Tischlermeister Edi Reiterer hielt den Eremit im Transporter fest.
Franziskus und Eremit auf Kurzurlaub in Aurach
Die Mauernische oberhalb des Eingangsportals des Kirchleins, das auf dem Kniepass am Kitzbüheler Schattberg thront, ist der angestammte Platz der beiden Holz-Figuren. Wie lange sie dort oben schon beheimatet sind, das vermag in Kitzbühel niemand genau zu beantworten. „Vielleicht an die 100 oder 150 Jahre“, mutmaßen der Auracher Tischlermeister Edi Reiterer sowie der pensionierte Kitzbüheler Hauptschul-Direktor und Ersatzgemeinderat der Grünen, Georg Hechl. Er hat die Betreuung des Kitzbüheler Kleinods gemeinsam mit seiner Tochter Isabel vor mehr als 15 Jahren von Fini Sulzenbacher übernommen. Dabei wurde augenscheinlich, dass Regen, Schneefall, Hagel und Wind sowie Temperaturschwankungen den beiden historischen Holzfiguren im Laufe der Jahre schwer zugesetzt haben.

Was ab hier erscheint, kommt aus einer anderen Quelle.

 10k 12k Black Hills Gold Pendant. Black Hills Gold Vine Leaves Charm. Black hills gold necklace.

Die Holzfiguren werden für die Restaurierung von Bauhofleiter Michael Steixner fachgerecht abmontiert. Edi Reiterer, Hannes Feiersinger und Isabel Hechl schauten gespannt zu.
In Edi Reiterer fand er einen Handwerker, der sich auf die Bearbeitung von Holzfiguren versteht und sich der beiden Heiligenstatuen angenommen hat. Just zu den Eisheiligen-Tagen wurden sie durch den Bauhof-Chef Michael Steixner und seinen Mitarbeiter Hannes Feiersinger fachgerecht aus den Nischen abmontiert, in einen Transporter verfrachtet und in Reiterers Werkstatt nach Aurach befördert. Dort werden sie nun liebevoll restauriert. Vor allem der heilige Franziskus sei aufgrund von Feuchtigkeit schwer beschädigt, schildert Reiterer nach eingehender Begutachtung. Das Holz müsse trockenen, erst dann könne er weitere Schritte setzen.

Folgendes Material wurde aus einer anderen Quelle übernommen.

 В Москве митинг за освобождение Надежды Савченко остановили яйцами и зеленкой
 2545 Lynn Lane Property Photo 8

Isabel Hechl mit dem lädierten heiligen Franziskus im Transporter.
Bis zum Patronizium, das Traditionsgemäß Anfang Juni stattfinden wird, würden die beiden Figuren nicht nur in neuem Glanz erstrahlen, sondern auch wieder an Ort und Stelle sein, verspricht der Auracher.

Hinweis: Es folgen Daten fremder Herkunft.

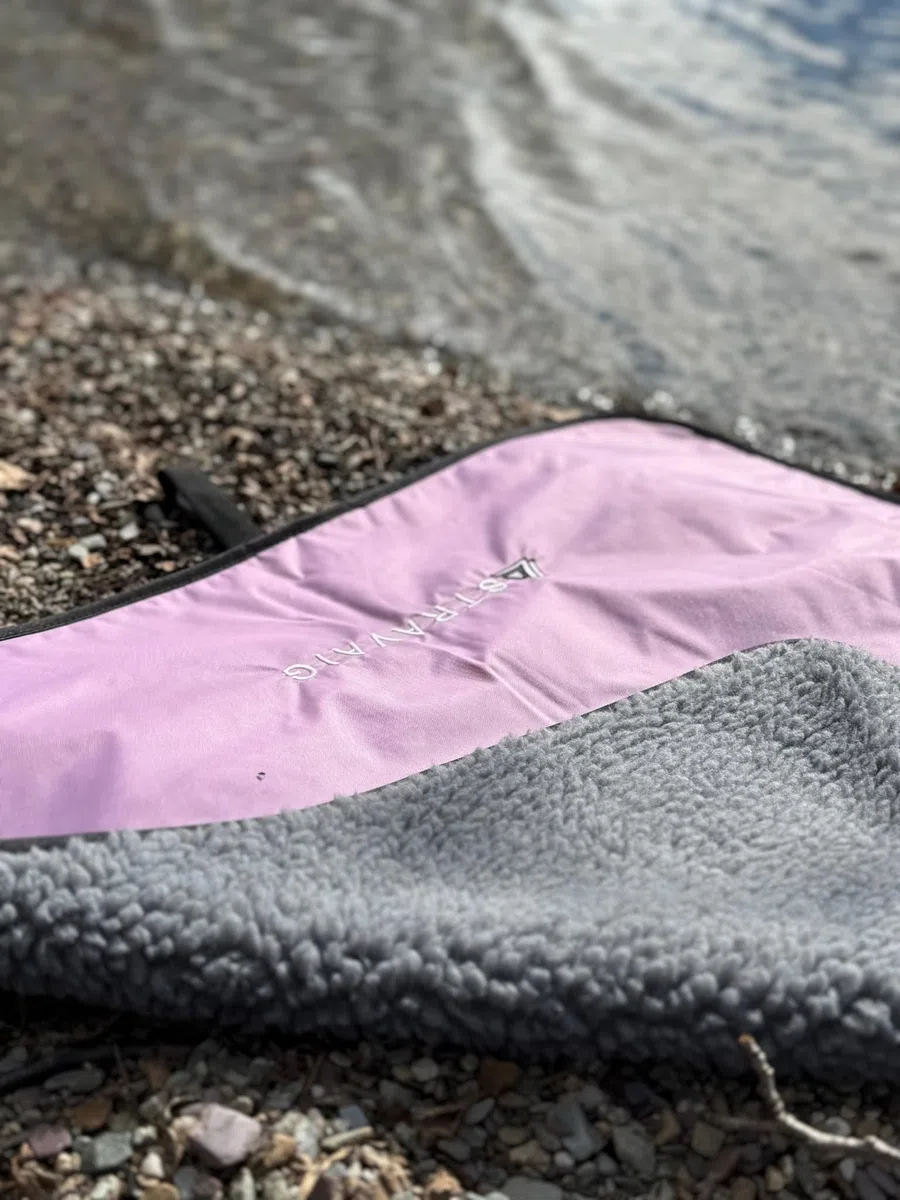 Wasserdichte Wickelunterlage für Outdoor-Wechsel Kompakte, weiche und wasserabweisende Wickelunterlage mit Tragegurt für Wassersport und Outdoor-Aktivitäten 60 cm x 60 cm (Flieder)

Kitzbüheler Kleinod auf dem Schattberg
Der Ursprung des kleinen Sakralbaues geht auf das Jahr 1735 zurück, in dem der Kitzbüheler Bürger und Hutmacher Franz Stitz ein Gelöbnis einlöste und von einer Wallfahrt nach Mariazell eine Kopie des dortigen Gnadenbildes zur Aufstellung mitgebracht hatte, ist in der Kitzbüheler Stadtzeitung in der Ausgabe vom Jänner 2008 zu erfahren. Erst 1844 wurde die Kapelle aus Stein in der heutigen Form erbaut. 1888 ließ die Stadtgemeinde neben der Kapelle eine Gaststätte errichten. Das Gasthaus war neben der Kapelle über Jahrzehnte ein beliebtes Ausflugsziel der Kitzbüheler Bevölkerung.
Die denkmalgeschützte Einsiedelei-Kapelle und das Gasthaus befinden sich im Eigentum der Stadtgemeinde.